Ida è donna perché è madre, è maestra perché è madre: ogni sua azione è un gesto materno, di dono, di vita. Le vite di Nino e Useppe le vengono strappate e con esse viene via ogni significato di resistenza. Persi i suoi figli, diventa folle.
Ida nuota per tutto il tempo in un senso contrario all'onda degli eventi ma alla fine ne viene risucchiata, vittima come Carulì, Davide-Carlo e gli ebrei del ghetto, della Storia, della sua violenza cieca che travolge offendendo ed estirpando ogni possibilità di progresso.
Eppure non è solo una vittima del mondo: lei incarna la forza di un legame di sangue impossibile da spiegare e da dire. Un amore ineffabile alla maniera di Dante che davanti alla visio mystica ha perso le parole.
È vero che come ha scritto Elsa Morante la storia è "uno scandalo che dura da diecimila anni", ma le madri sono un veicolo di amore che supera ogni tempo.
Useppe levò gli occhi in alto, e disse: “Lioplani”. E in quel momento l’aria fischiò, mentre già in un tuono enorme tutti i muri precipitavano alle loro spalle e il terreno saltava d’intorno a loro, sminuzzato in una mitraglia di frammenti. “Useppe! Useppee, !” urlò Ida, sbattuta in un ciclone nero e polveroso che impediva la vista: “Mà sto qui”, le rispose all’altezza del suo braccio, la vocina di lui, quasi rassicurante. Essa lo prese in collo […) Intanto, era cominciato il suono delle sirene. Essa, nella sua corsa, sentì che scivolava verso il basso, come avesse i pattini, su un terreno rimosso che pareva arato, e che fumava. Verso il fondo, essa cadde a sedere, con Useppe stretto fra le braccia. Nella caduta, dalle sporta le si era riversato il suo carico di ortaggi, fra i quali, sparsi ai suoi piedi, splendevano i colori dei peperoni, verde, arancione e rosso vivo. Con una mano, essa si aggrappò a una radice schiantata, ancora coperta di terriccio in frantumi, che sporgeva verso di lei.
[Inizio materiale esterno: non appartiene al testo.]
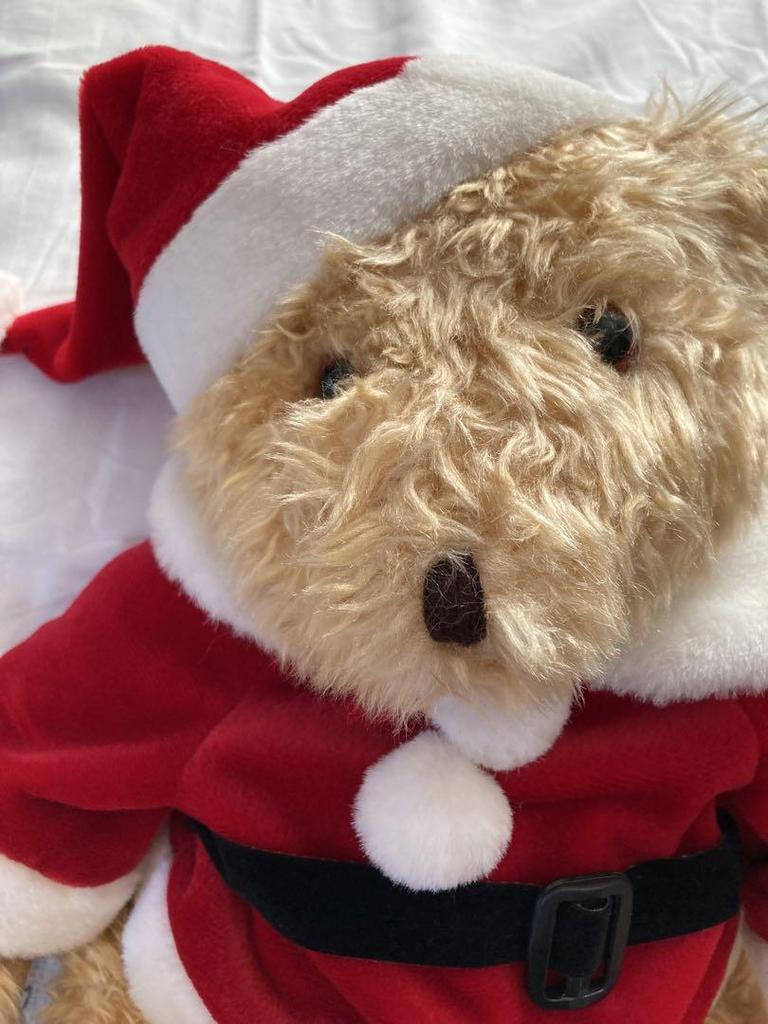 [USED] Santa Claus teddy bear backpack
E assestandosi meglio, rannicchiata intorno a Useppe, prese a palparlo febbrilmente in tutto il corpo, per assicurarsi ch’era incolume. Poi gli sistemò sulla testolina la sporta vuota come un elmo di protezione. […] Useppe, accucciato contro di lei, la guardava in faccia, di sotto la sporta, non impaurito, ma piuttosto curioso e soprapensiero. “Non è niente”, essa gli disse, “Non aver paura. Non è niente”.